The move will not only ensure 50 per cent return to farmers on their production costs in 2018-19, but also lays a firm foundation towards doubling their income by 2022, the ambitious target set by Modi.
Several farm experts and agriculture market analysts may still have issues with the decision taken by the cabinet panel on Wednesday. They have eloquently pointed out to lease rentals of farmland not being covered as recommended by the MS Swaminathan committee. Moreover, procurement policy needs clarity which has not come through.
Experts have also pointed to inflationary concerns ranging from 0.38 – 0.7 per cent, losing opportunity in export markets apart from expansion in fiscal deficit by 0.2 per cent thereby impacting central finances.
Nevertheless, the latest decision should be positive with major cost components covered and provide immediate relief to farmers who till now have gone through severe distress in several parts of India.
Prime Minister Modi’s ‘commitment and conviction’ in tackling the farmers socio-economic issues cannot be questioned given the home work done by Niti Aayog and ministerial panel leaded by home minister Rajnath Singh.
Minimum support price is about 50 – 97 per cent more than the actual costs and family labour incurred by the farmers’ vis-à-vis different crops. The absolute increase in MSP for different crops is in the range of 4 – 52 per cent over the support prices offered in the previous year.
In the process, Modi government seems to have seen this as an opportunity to boost pulses production that are otherwise imported in a big way to meet the growing demand.

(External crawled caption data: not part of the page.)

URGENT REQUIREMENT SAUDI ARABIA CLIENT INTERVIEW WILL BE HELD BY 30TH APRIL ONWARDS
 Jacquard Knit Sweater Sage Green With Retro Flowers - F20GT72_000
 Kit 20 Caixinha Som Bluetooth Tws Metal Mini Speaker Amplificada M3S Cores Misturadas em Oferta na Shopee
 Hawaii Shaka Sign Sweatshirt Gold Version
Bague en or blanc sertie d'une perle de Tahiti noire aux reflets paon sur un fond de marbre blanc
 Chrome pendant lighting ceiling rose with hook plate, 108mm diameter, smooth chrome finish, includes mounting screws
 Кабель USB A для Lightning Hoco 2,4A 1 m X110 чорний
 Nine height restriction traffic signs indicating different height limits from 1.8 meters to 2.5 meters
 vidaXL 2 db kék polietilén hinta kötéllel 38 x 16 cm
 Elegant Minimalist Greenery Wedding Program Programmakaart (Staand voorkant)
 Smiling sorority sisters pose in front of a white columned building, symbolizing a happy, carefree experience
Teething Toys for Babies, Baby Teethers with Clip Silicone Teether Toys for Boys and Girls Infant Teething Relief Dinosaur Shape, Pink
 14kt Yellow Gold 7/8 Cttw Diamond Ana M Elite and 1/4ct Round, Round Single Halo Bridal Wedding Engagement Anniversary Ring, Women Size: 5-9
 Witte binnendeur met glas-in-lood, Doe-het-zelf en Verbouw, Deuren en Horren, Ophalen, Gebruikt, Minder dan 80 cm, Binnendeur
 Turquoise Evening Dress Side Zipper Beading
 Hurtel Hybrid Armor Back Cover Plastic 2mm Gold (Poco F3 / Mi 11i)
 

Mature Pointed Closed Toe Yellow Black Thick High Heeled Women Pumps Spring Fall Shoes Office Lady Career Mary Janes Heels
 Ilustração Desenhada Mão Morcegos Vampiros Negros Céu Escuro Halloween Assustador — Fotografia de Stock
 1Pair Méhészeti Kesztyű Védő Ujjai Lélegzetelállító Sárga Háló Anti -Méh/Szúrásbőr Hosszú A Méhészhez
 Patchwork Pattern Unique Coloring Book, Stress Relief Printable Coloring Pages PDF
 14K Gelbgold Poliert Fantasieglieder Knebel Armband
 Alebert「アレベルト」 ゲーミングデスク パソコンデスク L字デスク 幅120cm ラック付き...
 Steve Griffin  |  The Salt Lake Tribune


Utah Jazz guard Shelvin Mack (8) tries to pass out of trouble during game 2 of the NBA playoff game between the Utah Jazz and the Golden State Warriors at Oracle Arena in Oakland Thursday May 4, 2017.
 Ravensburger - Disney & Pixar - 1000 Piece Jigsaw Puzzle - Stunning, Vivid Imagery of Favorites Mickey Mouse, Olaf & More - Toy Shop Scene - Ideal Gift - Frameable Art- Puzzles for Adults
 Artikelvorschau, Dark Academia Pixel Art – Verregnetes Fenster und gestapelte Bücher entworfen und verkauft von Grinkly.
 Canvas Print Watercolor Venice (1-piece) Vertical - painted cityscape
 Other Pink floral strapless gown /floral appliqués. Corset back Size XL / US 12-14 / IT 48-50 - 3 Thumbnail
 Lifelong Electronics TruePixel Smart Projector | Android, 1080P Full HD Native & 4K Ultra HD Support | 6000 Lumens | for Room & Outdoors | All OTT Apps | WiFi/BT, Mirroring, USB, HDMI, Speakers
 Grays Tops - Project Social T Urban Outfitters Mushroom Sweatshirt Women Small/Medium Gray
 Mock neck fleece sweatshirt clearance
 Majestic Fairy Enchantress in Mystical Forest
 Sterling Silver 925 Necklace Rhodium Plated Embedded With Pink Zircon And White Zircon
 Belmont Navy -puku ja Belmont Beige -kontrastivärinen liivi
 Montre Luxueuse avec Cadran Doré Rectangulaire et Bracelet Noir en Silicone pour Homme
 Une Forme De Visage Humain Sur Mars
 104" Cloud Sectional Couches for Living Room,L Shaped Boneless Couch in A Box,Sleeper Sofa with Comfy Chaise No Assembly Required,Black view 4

Free market dynamics do not support the idea of determined support prices. Instead, it should be left to market forces. MSP should only be used as an instrument to align the farm produce to market dynamics and not the other way round. Vulnerability of small holding farmers in particular is serious given the fragmented, disorganised commodity markets with commission agents and brokers benefiting the most.
In fact, extreme farmers’ distress had forced six states including BJP ruled Uttar Pradesh to announce loan waivers up to Rs 88,000 crore in the last one year. Loan waivers may not provide lasting solution to farmers’ prosperity nor is it sustainable for the states even in the short term given resource constraints.
MSP should set the benchmark for free market pricing of various products and not deprive the farmers of their meagre earnings or destroy the food security campaign of India also aimed at alleviating poverty by 2030.
From the political angle, opposition Congress and assorted non-BJP parties are bound to squirm, fret and frown given the huge advantage Prime Minister Modi will derive as the campaign for Lok Sabha elections picks up pace.
Opposition’s campaign against the government riding piggyback on farmers distress may be blunted as well. From a long-term perspective, fixing prices should only be a way to recognize true market value of most retail and commodities markets. Policymakers should set a time line for linking farmers to market sans government involvement. Other avenues of income for socio-economic emancipation of farmers going through the vicious debt cycle and committing suicides must be found.
A national consensus in revamping farm matrix should become a priority for the government. In fact, political parties will have to spell out their agriculture agenda, if elected to power in 2019. States can also come up with specific plans given that agriculture is a state subject. Several states have experimented with the idea of separate budget for agriculture. This idea can be given shape even by central government and BJP as the main political party.